A flat denial that they had been told at all was the second most common reaction: in all, about one-fifth, and rather more men than women. This is not as surprising as it may look. The denial mechanism is one of the mind's habitual ways of defending or protecting itself: It operates as an automatic block, outside the 'perimeter' of awareness, so that the individual is not conscious of the threat, nor that anything has been blocked. One comes upon the denial- reaction, in one form or another, very often in exploring the emotional state of the patient with a bodily illness he believes to be grave, or a 'disorder of adaptation'—an intense and frightening hatred for (say) his wife is shut out (or better, perhaps, shut in). In the cancer patients, denial that the consultant had said anything about it was quite definite, and not the result of any misunderstanding. 'He didn't say what it was. They don't tell you anything.' (In passing, note the importance of this reaction in evaluating the accounts people give, afterwards, of 'highly-charged' events.) Group 3 contained no men at all, and, among women, less than Group 2 : the proportion was 7% of-the total.
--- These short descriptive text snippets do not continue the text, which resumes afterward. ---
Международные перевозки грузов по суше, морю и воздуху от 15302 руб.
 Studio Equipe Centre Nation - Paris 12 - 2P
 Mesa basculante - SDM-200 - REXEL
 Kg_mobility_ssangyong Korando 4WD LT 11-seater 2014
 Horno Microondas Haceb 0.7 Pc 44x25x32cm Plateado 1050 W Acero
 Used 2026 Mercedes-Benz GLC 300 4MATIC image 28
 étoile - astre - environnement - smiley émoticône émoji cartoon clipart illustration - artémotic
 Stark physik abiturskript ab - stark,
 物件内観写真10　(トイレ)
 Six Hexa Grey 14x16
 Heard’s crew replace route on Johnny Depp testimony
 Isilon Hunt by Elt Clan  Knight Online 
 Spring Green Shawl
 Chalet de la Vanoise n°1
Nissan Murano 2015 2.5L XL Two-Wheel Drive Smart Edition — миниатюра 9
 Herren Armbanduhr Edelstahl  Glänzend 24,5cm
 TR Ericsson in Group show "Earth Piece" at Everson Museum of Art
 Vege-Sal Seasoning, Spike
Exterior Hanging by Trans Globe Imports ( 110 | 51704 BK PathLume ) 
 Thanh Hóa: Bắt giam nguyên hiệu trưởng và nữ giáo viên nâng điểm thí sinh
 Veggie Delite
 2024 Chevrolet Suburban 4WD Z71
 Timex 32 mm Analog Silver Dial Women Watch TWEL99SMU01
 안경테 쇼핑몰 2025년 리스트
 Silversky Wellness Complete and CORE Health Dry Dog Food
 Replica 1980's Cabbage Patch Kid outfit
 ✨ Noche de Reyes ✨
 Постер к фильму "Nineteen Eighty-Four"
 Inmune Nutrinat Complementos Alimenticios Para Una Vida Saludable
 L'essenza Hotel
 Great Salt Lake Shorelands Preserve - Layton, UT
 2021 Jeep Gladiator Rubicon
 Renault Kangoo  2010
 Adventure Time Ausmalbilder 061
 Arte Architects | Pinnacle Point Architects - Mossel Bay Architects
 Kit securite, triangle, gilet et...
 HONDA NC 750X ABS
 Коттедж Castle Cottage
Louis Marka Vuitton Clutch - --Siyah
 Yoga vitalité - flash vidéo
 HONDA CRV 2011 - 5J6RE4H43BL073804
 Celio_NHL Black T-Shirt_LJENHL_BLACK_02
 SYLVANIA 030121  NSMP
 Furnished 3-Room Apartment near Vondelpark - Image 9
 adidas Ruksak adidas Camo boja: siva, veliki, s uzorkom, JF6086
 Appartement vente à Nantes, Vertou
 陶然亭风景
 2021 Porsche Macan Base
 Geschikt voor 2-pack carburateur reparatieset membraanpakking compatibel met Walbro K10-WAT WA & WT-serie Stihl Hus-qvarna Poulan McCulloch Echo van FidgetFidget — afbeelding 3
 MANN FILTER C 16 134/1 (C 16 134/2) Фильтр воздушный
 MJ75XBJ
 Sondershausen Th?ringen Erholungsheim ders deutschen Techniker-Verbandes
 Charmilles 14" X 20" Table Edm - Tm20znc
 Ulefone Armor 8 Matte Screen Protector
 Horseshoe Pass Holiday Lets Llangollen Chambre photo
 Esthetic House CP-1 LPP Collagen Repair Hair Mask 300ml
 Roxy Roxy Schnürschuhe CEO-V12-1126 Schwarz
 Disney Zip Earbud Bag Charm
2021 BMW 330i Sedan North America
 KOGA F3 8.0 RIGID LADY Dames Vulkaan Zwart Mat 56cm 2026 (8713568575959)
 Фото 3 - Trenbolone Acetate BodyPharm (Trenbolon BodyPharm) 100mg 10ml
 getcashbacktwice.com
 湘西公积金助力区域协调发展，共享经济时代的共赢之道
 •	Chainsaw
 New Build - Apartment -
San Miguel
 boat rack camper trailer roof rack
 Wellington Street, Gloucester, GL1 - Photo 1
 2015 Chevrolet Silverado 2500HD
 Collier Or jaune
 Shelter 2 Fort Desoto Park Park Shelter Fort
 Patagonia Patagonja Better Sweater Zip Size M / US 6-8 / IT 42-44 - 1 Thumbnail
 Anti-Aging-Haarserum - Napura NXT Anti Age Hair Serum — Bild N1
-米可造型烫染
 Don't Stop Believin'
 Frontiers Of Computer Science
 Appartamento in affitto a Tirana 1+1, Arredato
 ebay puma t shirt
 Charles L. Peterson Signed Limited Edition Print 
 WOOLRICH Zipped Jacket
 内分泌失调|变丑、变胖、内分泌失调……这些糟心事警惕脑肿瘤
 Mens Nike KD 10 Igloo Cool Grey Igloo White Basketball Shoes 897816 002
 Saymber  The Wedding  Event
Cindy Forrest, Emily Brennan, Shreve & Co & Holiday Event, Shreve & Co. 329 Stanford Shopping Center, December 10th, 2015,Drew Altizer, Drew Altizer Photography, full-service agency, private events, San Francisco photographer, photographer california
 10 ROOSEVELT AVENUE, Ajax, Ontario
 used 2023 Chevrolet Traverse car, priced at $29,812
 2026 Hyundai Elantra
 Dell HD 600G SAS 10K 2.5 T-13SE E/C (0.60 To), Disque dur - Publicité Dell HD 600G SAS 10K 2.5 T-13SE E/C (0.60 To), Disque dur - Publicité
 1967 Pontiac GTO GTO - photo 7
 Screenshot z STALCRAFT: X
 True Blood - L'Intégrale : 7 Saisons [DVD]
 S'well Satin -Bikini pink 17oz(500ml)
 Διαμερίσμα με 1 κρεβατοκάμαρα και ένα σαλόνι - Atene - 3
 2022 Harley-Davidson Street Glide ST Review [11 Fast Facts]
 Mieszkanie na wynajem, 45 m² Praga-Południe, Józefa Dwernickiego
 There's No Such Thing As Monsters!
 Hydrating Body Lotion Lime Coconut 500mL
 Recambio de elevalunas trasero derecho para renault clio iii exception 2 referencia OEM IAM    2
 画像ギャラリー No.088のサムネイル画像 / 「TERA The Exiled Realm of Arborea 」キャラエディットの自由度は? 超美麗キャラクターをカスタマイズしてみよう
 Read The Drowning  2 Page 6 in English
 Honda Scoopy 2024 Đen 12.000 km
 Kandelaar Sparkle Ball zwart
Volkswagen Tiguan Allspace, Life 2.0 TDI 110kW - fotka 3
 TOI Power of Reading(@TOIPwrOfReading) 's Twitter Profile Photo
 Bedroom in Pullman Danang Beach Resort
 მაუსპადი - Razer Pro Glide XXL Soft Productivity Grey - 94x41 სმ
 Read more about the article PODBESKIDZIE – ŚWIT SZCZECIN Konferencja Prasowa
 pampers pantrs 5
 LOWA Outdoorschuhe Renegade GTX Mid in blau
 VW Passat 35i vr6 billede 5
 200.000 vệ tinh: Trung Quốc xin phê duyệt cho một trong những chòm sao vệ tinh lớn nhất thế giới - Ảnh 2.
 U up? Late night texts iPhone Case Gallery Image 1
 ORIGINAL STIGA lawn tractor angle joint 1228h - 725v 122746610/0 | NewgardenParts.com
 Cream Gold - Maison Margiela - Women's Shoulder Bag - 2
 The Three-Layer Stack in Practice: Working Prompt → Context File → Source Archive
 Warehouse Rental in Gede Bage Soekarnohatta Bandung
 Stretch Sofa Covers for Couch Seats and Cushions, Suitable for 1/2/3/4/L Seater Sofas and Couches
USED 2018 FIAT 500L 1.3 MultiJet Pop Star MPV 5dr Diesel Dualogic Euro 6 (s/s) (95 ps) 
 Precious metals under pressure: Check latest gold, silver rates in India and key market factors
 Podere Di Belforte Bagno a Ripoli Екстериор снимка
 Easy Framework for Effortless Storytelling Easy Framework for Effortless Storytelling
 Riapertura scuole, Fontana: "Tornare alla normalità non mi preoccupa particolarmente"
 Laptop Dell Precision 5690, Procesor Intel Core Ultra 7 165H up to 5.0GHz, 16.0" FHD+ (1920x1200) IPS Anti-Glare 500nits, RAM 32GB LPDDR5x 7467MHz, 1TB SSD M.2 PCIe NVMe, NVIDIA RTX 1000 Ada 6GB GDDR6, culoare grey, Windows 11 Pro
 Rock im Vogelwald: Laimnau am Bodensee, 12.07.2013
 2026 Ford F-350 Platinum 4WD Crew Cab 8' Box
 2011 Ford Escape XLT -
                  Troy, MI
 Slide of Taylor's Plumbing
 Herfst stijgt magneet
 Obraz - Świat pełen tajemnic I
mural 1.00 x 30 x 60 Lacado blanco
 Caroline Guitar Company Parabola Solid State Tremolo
Forty-one of the original series were seen after a longer interval-1-21 years ; of these, 35 had not changed their views, five had, and one who denied that she had been told now spoke freely of her disease as cancer. Tvio points in particular stand out from what these patients say—the effect of their talk upon others—'I think it's only right to tell other people,' and the disbelief of friends—'She didn't believe me, and said they'd never tell you.'

How did the consultants feel? Reluctance, even apprehension, at first: but being, frank with the patients grew easier with practice. 'Telling' was done in a matter-of-fact way, and the response of the patient, by and large, was remarkably 'steady'—only one or two were much upset. The main conclusion of this most valuable study is, then, that some patients with cancer of the more curable kind should be told the diagnosis. Here is an important part of the health-education of the community: to make it known that cancer in its early stages can often be cured. One further, though minor, step to be taken is to find a means of 'filtering off' those few patients who are likely to suffer disturbance, and no benefit, from being told the truth—although, as the authors say, the 7% in Group 3, however critical they may have been, were almost certainly in due course cured.